Mozambique: Domestic debt service to peak at 20 billion meticais in September
TVM (File photo) / Rogério Zandamela photographed during his inauguration as governor of the Central Bank [Banco de Moçambique] in a ceremony in Maputo on September 1 2016.
The Bank of Mozambique on Thursday revised the economic growth forecast down to 3.5 percent with inflation rising to at least 29 percent in 2016 and warned of a “critical level” of net reserves, sufficient for only three months of imports.
The economic growth forecast, presented at a press conference by the governor of the central bank, Rogerio Zandamela at the end of a meeting of the Monetary Policy Committee, compares with 6.4 percent in the previous year and is below the 4.5 percent previously estimated by the institution and the Government and the 3.7 percent calculated by the International Monetary Fund.
Inflation, according to Zandamela, stood at 25 percent in September, but did not take into account the effect of the fuel price increase, and will have a “growing trend” ranging between 29 percent and 34 percent by the end of the year.
The inflation figures are explained by annual metical depreciation of 77 percent against the dollar, 92.9 percent against the euro and 93.4 percent against the rand, a decline in domestic production and rising prices of goods across southern Africa.
Zandamela warned that net international reserves have continued to deteriorate to coverage for only three months of imports, as a result of “demand for foreign currency to import essential goods and payment of external debt service”, within a scenario of international partners remaining frozen.
“We are at critical levels,” the governor, who replaced Ernesto Gove in the post in September, noted.

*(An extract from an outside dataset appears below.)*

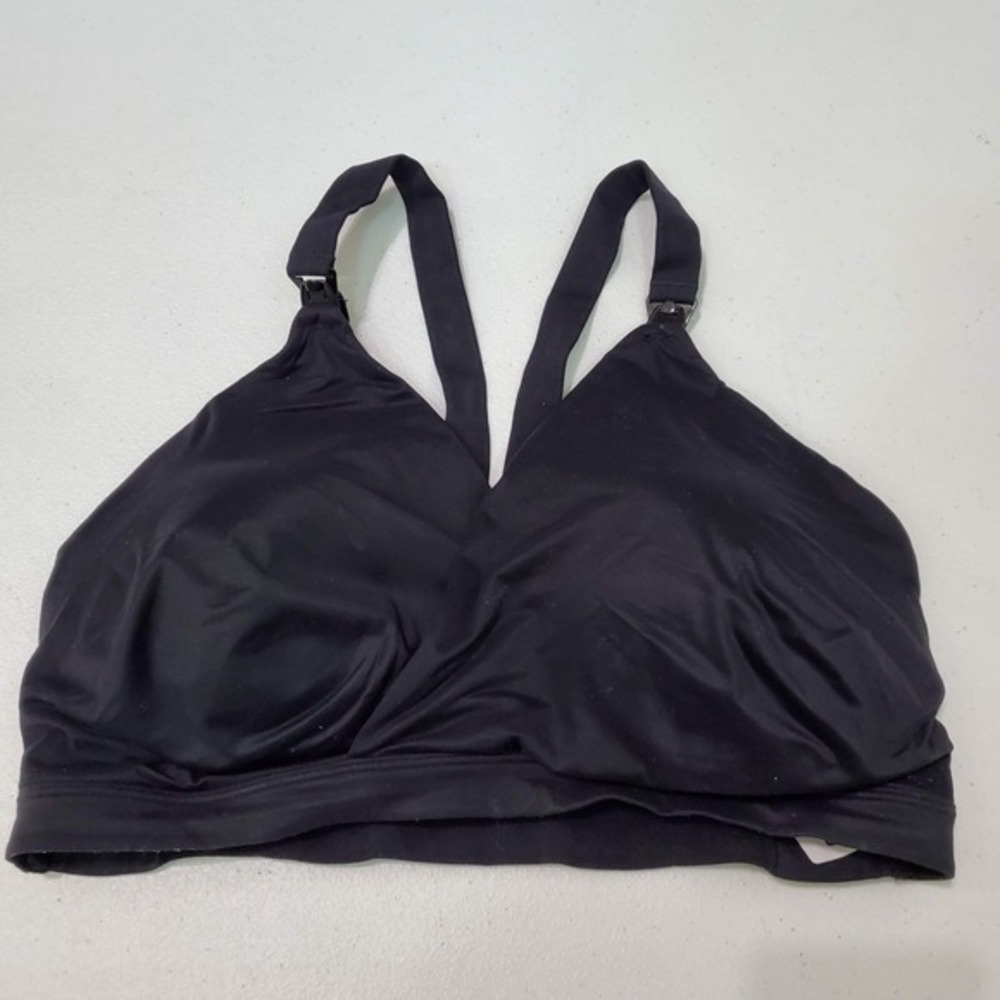 Spanx Women Bra XL Black Nursing Low Profile Wireless Racerback Pullover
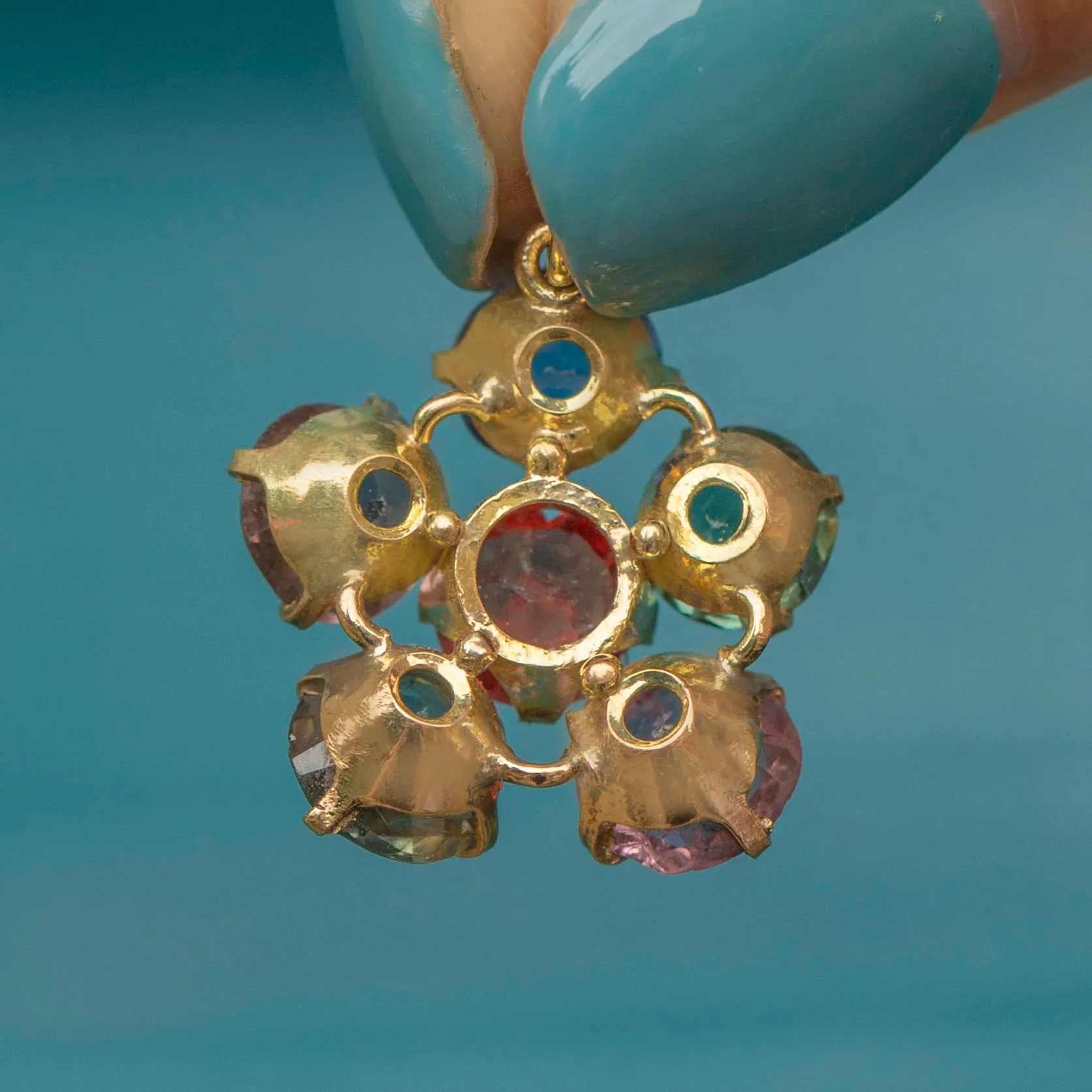9ct Gold Blue Sapphire, Orange Sapphire & Topaz Flower Pendant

In 2016, Mozambique’s public debt soared to US$397 million (EUR365 million), 86 percent of gross domestic product’ as a result of the disclosure of substantial loans hidden from public accounts.
The central bank governor also pointed to the widening of the government deficit, with a slight increase in revenues to June overtaken by expenditure increases.
“Latest data show the state’s continuing use of treasury bills, which indicates pressure financing the budget,” Zandamela warned.
The fall in international prices of imported goods and depreciation of the metical exchange rate has led, paradoxically, to an improved balance of payments between Mozambique and the rest of the world.
The trade deficit decreased by 40.9 percent in the first half of 2016 compared to the previous year, as a result of the decline in 27.9 percent of imports and 15.6 percent of exports.
The Bank of Mozambique on Thursday increased the benchmark interest rate by six percentage points to 23.25 percent for loans and 15.5 percent for deposits to correct a “system malfunction” and make them positive in real terms.
“These Bank of Mozambique decisions are intended to align the reference interest rates to current market conditions, making them positive in real terms and withdrawing excess liquidity from the banking system,” Zandamela said.
In his presentation to the press, he said that Mozambique has been adversely affected by the “poor performance” of both the world economy and that of the Southern Africa region, particularly neighbouring South Africa, the main economic power in the region.
Among domestic factors, Zandamela pointed to the slowdown in economic growth coupled with the depreciation of the metical and reduced domestic production, together the tightening of prices in South Africa, as prompting the continued rise in inflation in Mozambique.
Zandamela also pointed out the negative economic impact of natural disasters, the ongoing political and military crisis between the government and the Mozambican National Resistance (Renamo), and the suspension of foreign aid as a result of revelations of hidden debt, together with the volatility of commodity prices affecting the balance of payments.